**Exercise brief**
The required output is the line with "WANDStyle Wandspiegel H017" plus all lines that follow it to the end of the listing below, written out exactly, with no pictures.

**Records for the exercise**
------------------------------------------------------------------------
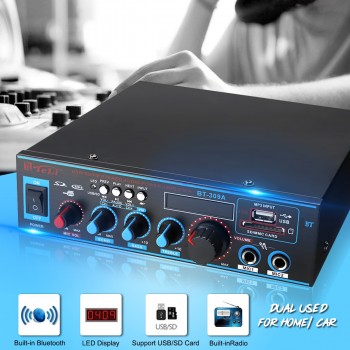 2x60W Audio Power Stereo Digital Amplifier 220V/12V Bluetooth USB FM SD Mic Home CarCompatible LED Display with Remote Contro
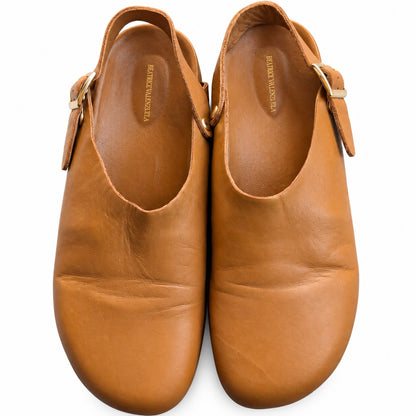 Beatrice Valenzuela Tan Leather Slingback Clogs Mules Made in California Size 8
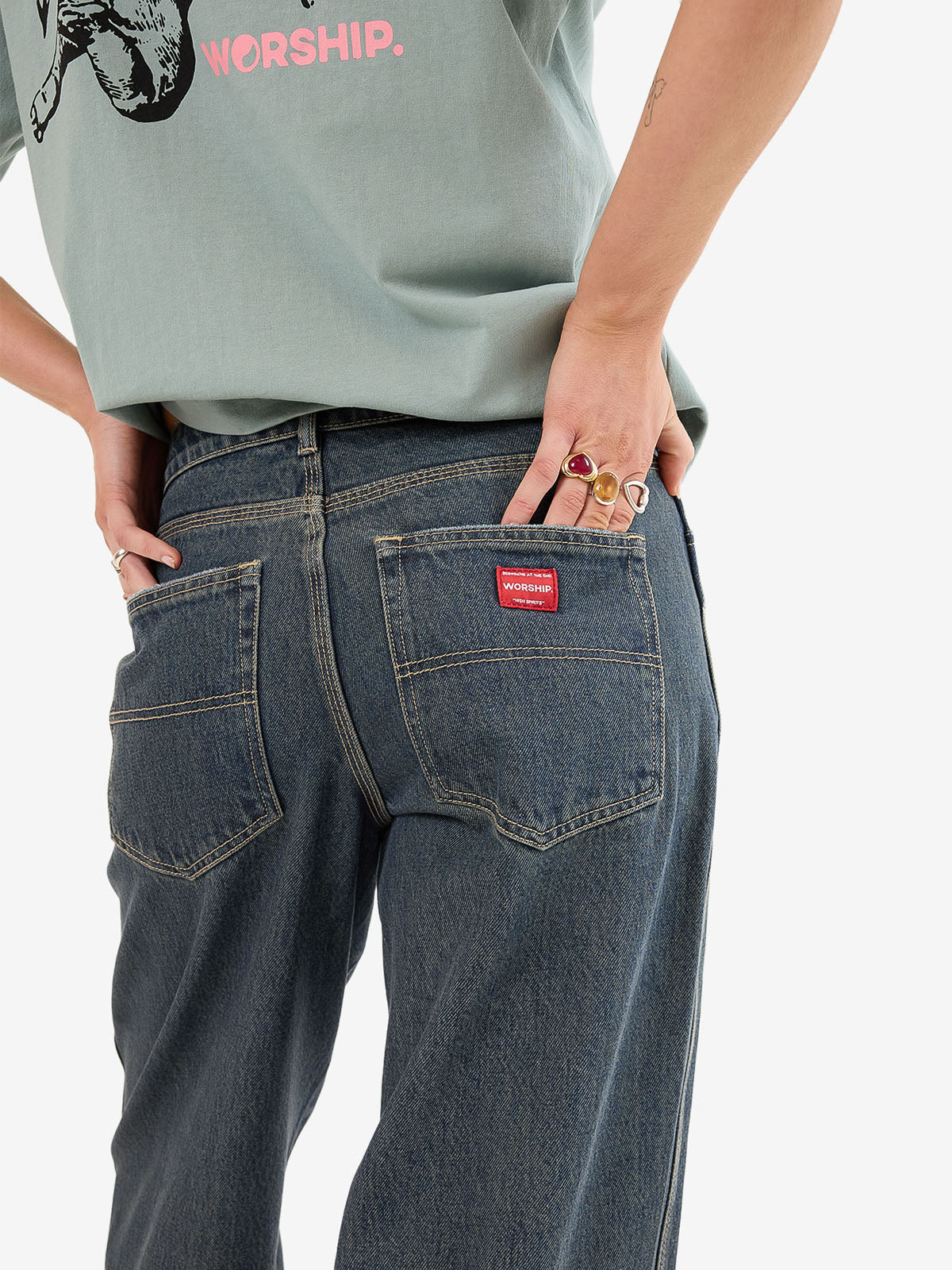 Worship Sloucher Jean - Blasted Blue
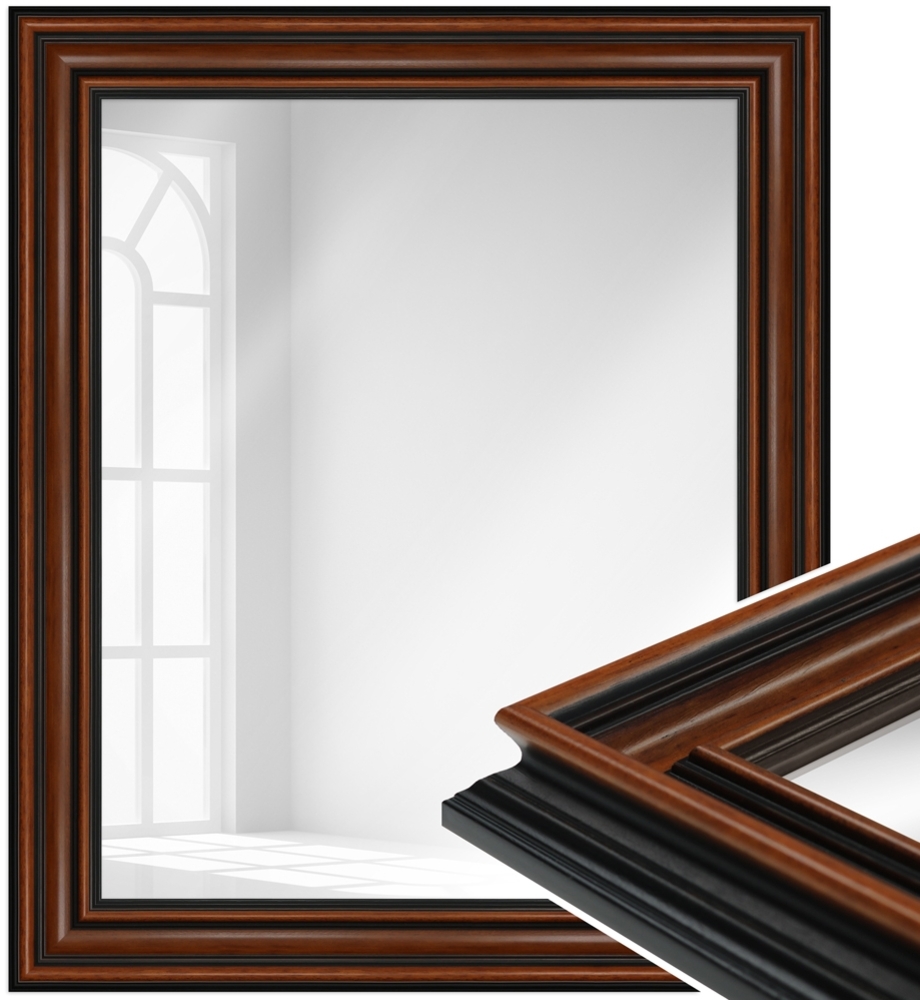 WANDStyle Wandspiegel H017 aus Massivholz in Nussbaum-Optik 60 x 80 cm im Stil Antik Bild 1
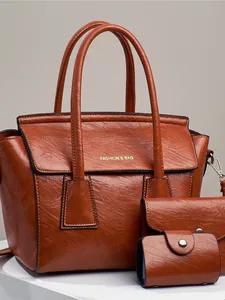 Set borse 3 pezzi in pelle PU caramello con borsa grande, pochette e portamonete
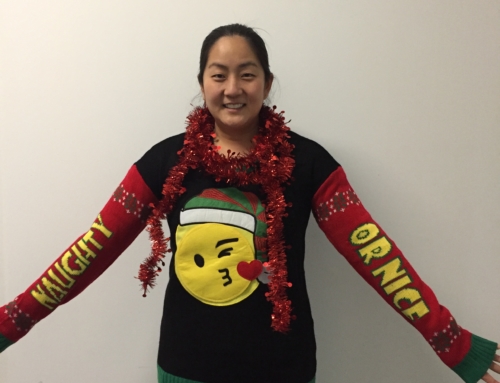 Our “awesome” staff shared their ugly Christmas sweaters. Looking good ;)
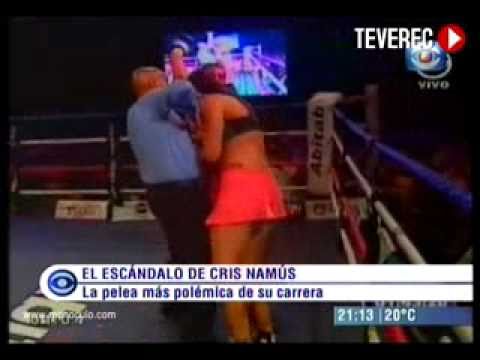 Chris Namus vrs.Loly Muñoz Boxeo Estafa - jurado arbitro contratista marzo TV Uruguay TEVEREC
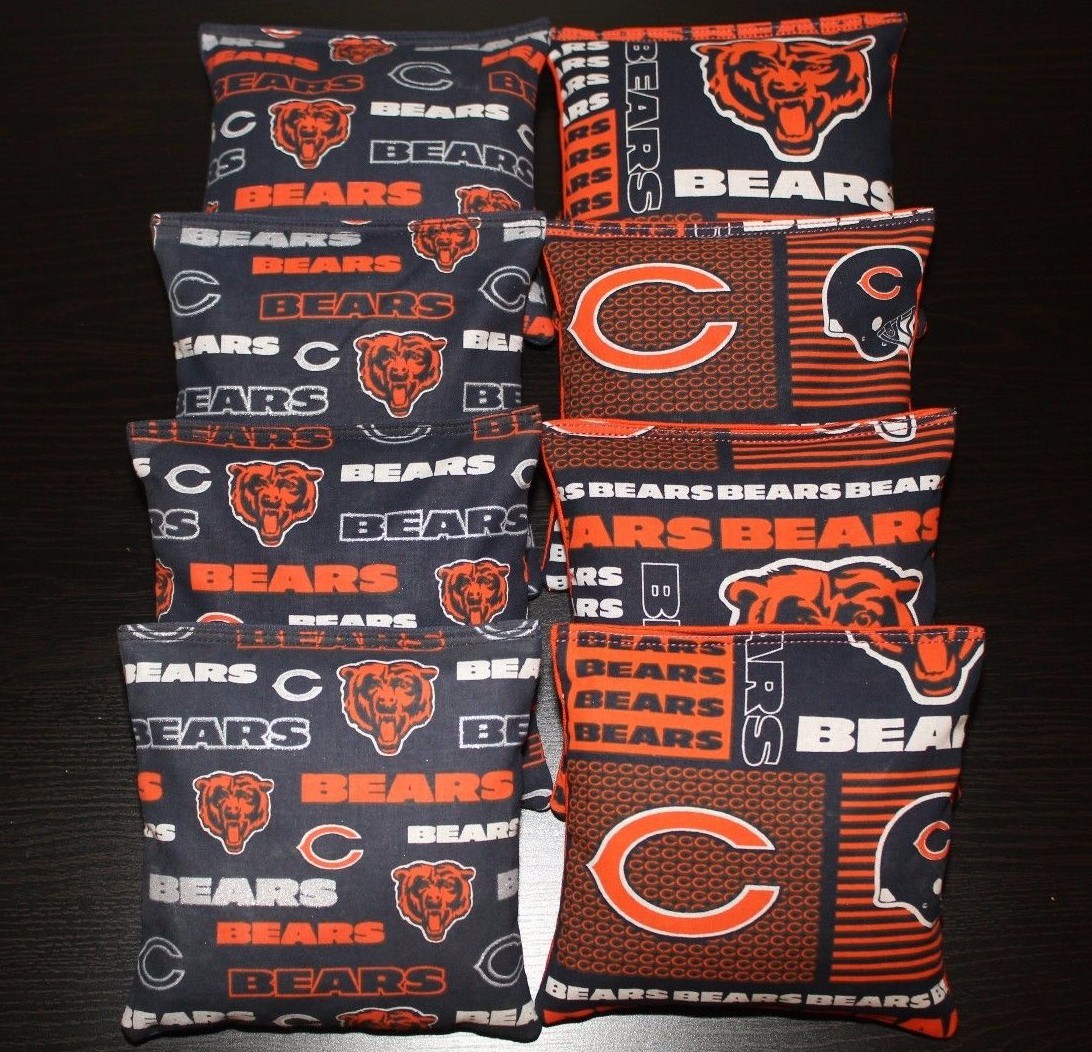 CHICAGO BEARS Cornhole Bean Bags All Weather Plastic Resin Filled WATERPROOF!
------------------------------------------------------------------------
**Result below**
 WANDStyle Wandspiegel H017 aus Massivholz in Nussbaum-Optik 60 x 80 cm im Stil Antik Bild 1
 Set borse 3 pezzi in pelle PU caramello con borsa grande, pochette e portamonete
 Our “awesome” staff shared their ugly Christmas sweaters. Looking good ;)
 Chris Namus vrs.Loly Muñoz Boxeo Estafa - jurado arbitro contratista marzo TV Uruguay TEVEREC
 CHICAGO BEARS Cornhole Bean Bags All Weather Plastic Resin Filled WATERPROOF!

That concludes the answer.